- Developer(s): Game Syndicate Productions
- Publisher(s): InnerVision Software
- Designer(s): Cliff Bleszinski
- Platform(s): MS-DOS, Windows 3
- Release: 1991: MS-DOS Aug 31, 1992: Windows
- Genre(s): Adventure
- Mode(s): Single-player

= The Palace of Deceit =

1991 video game

Palace of Deceit is a video game written by Cliff Bleszinski in 1991 in his own company, Game Syndicate Productions, at the age of 16. The first edition, subtitled The Secret of Castle Lockemoer, was a text adventure for MS-DOS. On August 31, 1992, it was remade for Windows 3.x and subtitled The Dragon's Plight as a graphical point-and-click adventure game with an entirely new plot and graphics. Both games are played in a first-person perspective and have been released as freeware. Bleszinski's inspiration came from video games like Déjà Vu and Uninvited.

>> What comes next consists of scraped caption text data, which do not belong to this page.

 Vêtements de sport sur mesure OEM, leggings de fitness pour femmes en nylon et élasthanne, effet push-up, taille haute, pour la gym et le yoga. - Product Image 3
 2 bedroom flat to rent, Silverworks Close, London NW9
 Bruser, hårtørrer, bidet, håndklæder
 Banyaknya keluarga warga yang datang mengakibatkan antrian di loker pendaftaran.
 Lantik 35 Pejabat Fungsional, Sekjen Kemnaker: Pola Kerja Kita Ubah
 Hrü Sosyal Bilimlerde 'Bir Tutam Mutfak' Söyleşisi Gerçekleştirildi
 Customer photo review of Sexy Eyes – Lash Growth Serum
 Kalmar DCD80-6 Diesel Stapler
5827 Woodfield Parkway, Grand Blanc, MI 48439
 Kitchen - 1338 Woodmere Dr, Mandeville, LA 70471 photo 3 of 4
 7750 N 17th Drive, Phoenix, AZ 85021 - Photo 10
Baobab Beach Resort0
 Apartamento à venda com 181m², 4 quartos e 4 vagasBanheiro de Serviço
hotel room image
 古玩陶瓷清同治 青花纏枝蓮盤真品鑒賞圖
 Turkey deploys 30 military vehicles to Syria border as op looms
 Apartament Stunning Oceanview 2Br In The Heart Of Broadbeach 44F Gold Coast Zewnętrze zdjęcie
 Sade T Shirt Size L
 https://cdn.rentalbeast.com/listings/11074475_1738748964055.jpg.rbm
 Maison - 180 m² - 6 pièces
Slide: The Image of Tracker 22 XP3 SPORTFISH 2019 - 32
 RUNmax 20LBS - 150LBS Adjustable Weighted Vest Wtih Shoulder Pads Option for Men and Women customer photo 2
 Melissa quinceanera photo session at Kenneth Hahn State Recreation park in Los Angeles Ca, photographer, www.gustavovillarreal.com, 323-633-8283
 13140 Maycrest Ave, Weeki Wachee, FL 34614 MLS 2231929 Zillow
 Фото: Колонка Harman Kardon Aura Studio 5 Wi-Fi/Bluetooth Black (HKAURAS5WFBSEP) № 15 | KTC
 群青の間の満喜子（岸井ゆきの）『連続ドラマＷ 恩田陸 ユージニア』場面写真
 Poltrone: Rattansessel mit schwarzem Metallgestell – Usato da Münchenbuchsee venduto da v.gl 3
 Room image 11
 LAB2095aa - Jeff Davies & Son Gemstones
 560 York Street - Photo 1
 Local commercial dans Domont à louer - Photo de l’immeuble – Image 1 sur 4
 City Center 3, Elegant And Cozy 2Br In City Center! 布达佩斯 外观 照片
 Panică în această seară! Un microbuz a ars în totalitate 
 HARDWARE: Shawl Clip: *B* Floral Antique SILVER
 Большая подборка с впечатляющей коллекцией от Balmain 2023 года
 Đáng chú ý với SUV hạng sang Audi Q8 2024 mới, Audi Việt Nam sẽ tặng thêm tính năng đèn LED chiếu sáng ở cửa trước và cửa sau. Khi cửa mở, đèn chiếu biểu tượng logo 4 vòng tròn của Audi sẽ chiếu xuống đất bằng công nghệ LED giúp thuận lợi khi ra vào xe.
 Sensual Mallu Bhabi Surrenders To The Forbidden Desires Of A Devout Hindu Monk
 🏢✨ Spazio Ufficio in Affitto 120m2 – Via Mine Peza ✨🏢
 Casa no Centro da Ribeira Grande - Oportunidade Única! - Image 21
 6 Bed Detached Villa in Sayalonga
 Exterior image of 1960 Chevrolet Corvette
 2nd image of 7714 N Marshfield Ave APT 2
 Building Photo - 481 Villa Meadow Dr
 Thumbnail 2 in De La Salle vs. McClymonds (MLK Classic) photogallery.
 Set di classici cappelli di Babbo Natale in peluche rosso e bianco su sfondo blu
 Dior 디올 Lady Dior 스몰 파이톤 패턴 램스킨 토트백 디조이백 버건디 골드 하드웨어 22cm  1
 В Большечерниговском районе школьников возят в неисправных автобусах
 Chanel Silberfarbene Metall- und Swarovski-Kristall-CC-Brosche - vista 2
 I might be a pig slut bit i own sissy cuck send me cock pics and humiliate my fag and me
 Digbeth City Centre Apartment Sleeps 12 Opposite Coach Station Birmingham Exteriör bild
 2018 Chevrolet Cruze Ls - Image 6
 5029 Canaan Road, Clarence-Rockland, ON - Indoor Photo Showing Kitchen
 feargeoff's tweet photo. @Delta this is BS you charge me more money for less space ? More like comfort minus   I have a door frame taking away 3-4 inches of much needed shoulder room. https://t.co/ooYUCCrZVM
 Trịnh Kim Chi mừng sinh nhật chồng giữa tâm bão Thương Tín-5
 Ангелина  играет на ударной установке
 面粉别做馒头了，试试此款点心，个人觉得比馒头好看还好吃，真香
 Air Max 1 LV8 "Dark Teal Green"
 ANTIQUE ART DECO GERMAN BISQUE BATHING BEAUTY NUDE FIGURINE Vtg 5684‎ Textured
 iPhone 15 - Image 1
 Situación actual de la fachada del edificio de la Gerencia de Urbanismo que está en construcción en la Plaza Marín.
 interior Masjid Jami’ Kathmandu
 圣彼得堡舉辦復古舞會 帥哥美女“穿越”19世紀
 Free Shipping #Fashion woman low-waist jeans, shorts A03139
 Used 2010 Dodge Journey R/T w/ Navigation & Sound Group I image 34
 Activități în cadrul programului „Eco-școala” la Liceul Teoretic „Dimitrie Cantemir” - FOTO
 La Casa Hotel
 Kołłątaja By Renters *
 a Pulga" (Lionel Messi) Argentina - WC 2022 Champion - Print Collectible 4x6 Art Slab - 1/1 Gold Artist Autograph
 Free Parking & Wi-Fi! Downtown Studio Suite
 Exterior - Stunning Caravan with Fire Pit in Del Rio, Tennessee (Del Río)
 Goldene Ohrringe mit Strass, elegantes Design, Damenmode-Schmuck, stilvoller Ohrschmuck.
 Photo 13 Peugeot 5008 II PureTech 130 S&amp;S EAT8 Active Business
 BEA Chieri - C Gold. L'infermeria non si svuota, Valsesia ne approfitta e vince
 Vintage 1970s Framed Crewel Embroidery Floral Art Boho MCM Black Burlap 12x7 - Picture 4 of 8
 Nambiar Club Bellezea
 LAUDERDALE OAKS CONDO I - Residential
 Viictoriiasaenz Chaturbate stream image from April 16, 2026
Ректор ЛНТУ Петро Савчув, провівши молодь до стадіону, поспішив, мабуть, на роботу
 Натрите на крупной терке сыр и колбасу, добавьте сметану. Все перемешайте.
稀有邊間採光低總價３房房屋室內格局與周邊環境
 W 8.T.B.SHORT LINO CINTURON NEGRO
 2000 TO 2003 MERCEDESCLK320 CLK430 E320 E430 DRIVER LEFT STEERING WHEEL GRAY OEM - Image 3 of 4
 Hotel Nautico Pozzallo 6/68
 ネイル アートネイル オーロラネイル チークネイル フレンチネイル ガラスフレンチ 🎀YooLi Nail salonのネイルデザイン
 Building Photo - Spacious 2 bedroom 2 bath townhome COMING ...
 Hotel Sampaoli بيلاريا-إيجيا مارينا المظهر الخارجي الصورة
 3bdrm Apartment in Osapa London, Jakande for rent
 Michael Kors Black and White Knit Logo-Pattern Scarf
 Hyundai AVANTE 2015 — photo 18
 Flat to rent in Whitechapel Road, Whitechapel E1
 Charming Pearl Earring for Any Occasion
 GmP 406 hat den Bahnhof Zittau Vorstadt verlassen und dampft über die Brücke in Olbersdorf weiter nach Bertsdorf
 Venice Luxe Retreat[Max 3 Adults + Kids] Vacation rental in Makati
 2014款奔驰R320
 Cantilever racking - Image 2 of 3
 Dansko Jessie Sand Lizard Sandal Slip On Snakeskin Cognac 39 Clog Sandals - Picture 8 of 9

==The Secret of Castle Lockemoer==
In the original game, the player plays the role of a man from the future brought to the medieval past by a good wizard to enter the castle Lockemoer and destroy the Evil Wizard. The game is a text adventure which occasionally uses graphics created using ASCII.

==The Dragon's Plight==
In this remake, the player is the dragon Nightshade, captured by the evil wizard Garth and thrown into the dungeons. Nightshade seeks a way out of the castle and a way to destroy Garth for his campaign to wipe out dragonkind from the land of Salac. The game is a point-and-click adventure similar to Shadowgate and Déjà Vu, but lacks music and sound. Nightshade can die in certain encounters, forcing the player to restart or reload a save file. The game was coded in Visual Basic and the graphics created using Microsoft Paintbrush.